As most of you know, since my mother-in-law’s death I’ve been on a mission to find ways to keep the memory of Sue alive for my baby girl. That desire, in turn, sparked a passion to help other families in the same situation.
Unfortunately, I have many close friends mourning the loss of a parent, right at the time when we’re figuring out how to be parents ourselves. The idea that our little ones won’t know those special people—people who would’ve been such integral parts of their lives, our lives—is simply unfathomable.
That’s why I was intrigued when my friend Jen told me about her continued connection to her mother through food, particularly the native Colombian dish, arroz con pollo. I asked her to write about it, so I could share it with all of you. The result is this beautiful guest post.
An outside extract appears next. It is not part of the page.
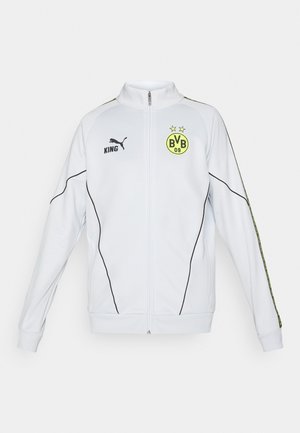 Biele puma mikina na zips s čiernym lemovaním, žlté logo Borussia Dortmund BVB 09 s dvoma hviezdami a text "KING" na hrudi.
Thank you, Jen, for your support, understanding, inspiration, and willingness to share. You, like your mother, make this world a better place. I’m so glad I know you, and through you, her.
Without further ado …
Nothing brings back memories of my mom better than food. It’s been nine years since she passed away, and I can still taste her arroz con pollo.
As early as I can remember, I loved spending time with my mom in the kitchen.
She taught me how to make patacones, papas choriadas, pan de yuca, arepas, ajiaco, and on one ambitious day, empanadas. We would sing along to Colombian music playing from the family room. Yo me llamo cumbia, yo soy la reina por donde voy… Or of course, to Julio Iglesias.
She would tell funny stories of learning to cook in the early days of her marriage to my dad, an American. Here’s one of my favorites:
New to the United States, she and my dad went to a friend’s house for dinner where they served a baked zucchini dish. My dad seemed to like it, so she decided to recreate it. But when he started eating her version, his face grimaced. Having never cooked zucchini before, she confused it with cucumber. Baked cucumber? Yuck! The punch line was always, “And your dad didn’t even like zucchini! He just ate it to be polite!” She mostly stuck to traditional Colombian dishes after that.
She would tell me that the way to a man’s heart is though his stomach and sing me a familiar children’s song.
Arroz con leche, me quiero casar
Con una muchachita que sabe concinar.
(Rice pudding, I want to marry
A young lady who knows how to cook.)
I would laugh and change the words to bailar or cantar or nadar (dance or sing or swim).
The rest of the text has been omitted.